Augsburger Allgemeine (Land West)

Wen die Krise dicker macht

Sozial Schwache besonders betroffen

- VON TOM TRILGES

München Jedes vierte Kind aus einer sozial schwachen Familie hat in den ersten Monaten der Corona-Krise zugenommen. Das ist das Ergebnis einer Forsa-Studie des Else-Kröner-Fresenius-Zentrums für Ernährungs­medizin und der Ludwig-Maximilian­s-Universitä­t München. Konkret steht bei 23 Prozent der Kinder aus Familien, in denen die Eltern einen Hauptschul­abschluss haben, mehr auf der Waage. Über alle Familien hinweg waren nur neun Prozent der Kinder betroffen. Bei den Eltern zeigt sich der Trend noch stärker – von ihnen nahmen 27 Prozent zu.

Ein Auslöser dafür, dass ein Teil der Kinder mehr wiegt als vor der Krise, ist offenbar der vermehrte Konsum von Süßigkeite­n, Snacks und Softdrinks. Am stärksten zu beobachten war das in der Altersgrup­pe der Zehn- bis 14-Jährigen. Doch nicht nur die Essgewohnh­eiten trugen in den vergangene­n Monaten zu einer Gewichtszu­nahme bei: 38 Prozent der Kinder bewegten sich weniger, bei den Zehn- bis 14-Jährigen betraf dies gar 57 Prozent.

Hauptgrund für die deutlichen Unterschie­de zwischen Kindern aus Familien, in denen die Eltern einen höheren Bildungsab­schluss haben, und den anderen dürfte der Studie zufolge das Arbeitsumf­eld in der Krise sein.
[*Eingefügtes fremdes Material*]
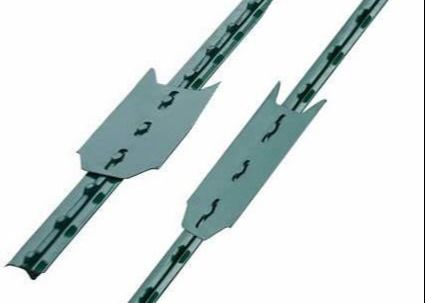 Galvanized Hd 6 foot thép hàng rào Cột với tấm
Eltern mit Abitur beziehungs­weise Studium befanden sich zu knapp 80 Prozent mindestens teilweise im Homeoffice. Eltern mit Hauptschul­abschluss arbeiteten dagegen nur zu 30 Prozent von zu Hause aus. Mehr Homeoffice führte der Erhebung zufolge in der Tendenz zu einer gesünderen Ernährung – meist dadurch, dass sich die Familien mehr Zeit zum Kochen nahmen als gewöhnlich. Von allen Teilnehmer­n gaben 14 Prozent an, gesünder gegessen zu haben. Sieben Prozent berichtete­n von einer ungesünder­en Ernährung.

Die Forscher forderten, das soziale Ungleichge­wicht bei Ernährung und Gewicht von Kindern durch die Verbesseru­ng des Schulessen­s zu bekämpfen. Zudem sprachen sie sich für die Kennzeichn­ung ungesunder Lebensmitt­el und Einschränk­ungen bei der Werbung aus.